Dan works hard and makes a good living.  We have economic resources.  We have good private insurance.  I had plenty of community support and family help during my surgery and treatments. We feel some of the pinch from my unforeseen medical bills.  Cancer sucks and the treatments we have for it suck worse and I can't begin to imagine the terror a lump raises for an uninsured single mother. And this is one small drop in the bucket of pain for the 30% or so at the bottom of our economic spectrum.  It doesn't have to be a catastrophic cancer diagnosis.  There are plenty of horror stories of mothers who buy food or clothes for their kids instead of their own asthma medication and die because of it.  Fathers who ignore toothaches or can't afford the antibiotics to fight a dental infection that turns septic.  What is wrong with our country when basic health care is out of reach for 30% of our population? (Yes I pulled those numbers out of my ass, but you get my point.)

I've given some thought over the past six months as to how I can give back.  I'm not one to stitch pink pillows or call a recently diagnosed stranger and tell them I'm a survivor and they can beat this.  I'm going to look for a program/organization/network that supports the most marginalized segments of our society as they deal with health crises and jump in there.  And if I can't find one, I'll start one.

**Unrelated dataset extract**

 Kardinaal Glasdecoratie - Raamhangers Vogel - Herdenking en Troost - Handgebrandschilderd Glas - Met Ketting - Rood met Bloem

In the meantime, do as I do and support organizations who provide solutions for real people.  Cancer doesn't care if you are liberal or conservative, does it?  


2 February 2012


Feeling Downright Irate....

This thing with the Komen Foundation and Planned Parenthood has gotten my knickers in a twist and I'm feeling like I need to climb the soap box.

It is my understanding, based on the NPR article, that Komen defunded PP because PP is under investigation for using government funds to provide abortions.  You know, legal medical procedures.  For its part, PP says they do not use any of the government funding to provide abortions, which make up about 3% of their annual budget.  16% of their budget goes towards providing reproductive cancer and breast cancer screenings.  35% goes towards STD testing and 35% for providing birth control.

While I do understand that some people are morally opposed to both birth control and abortions, I also know that they do so because they are pro-life.  Cancer screenings are pro-life as well.  Particularly for low income men and women who do not have any other access to healthcare.  Can some of my more conservative friends please explain to me how they justify cutting life saving medical access to the most marginalized group in this country, in the name of LIFE?

As for Komen, I've had a bit of a bone to pick with them for a while.  It's a big pink whale that has lost sight of its original charter - Susan's sister started it to raise funds for cancer research and raise awareness.  Political jockeying is an affront to Susan's memory and an insult to all of us who HAVE CANCER!

I said it last October and I maintain that the pink is meaningless, the save the ta-ta's slogans are all wrong, and while it is nice as a survivor to get a pat on the back, I don't need it as much as a widower whose wife lost the battle, a motherless child or grieving parents need sensitivity.

You know what's pink?  My mastectomy scars.  Thank god I had health insurance.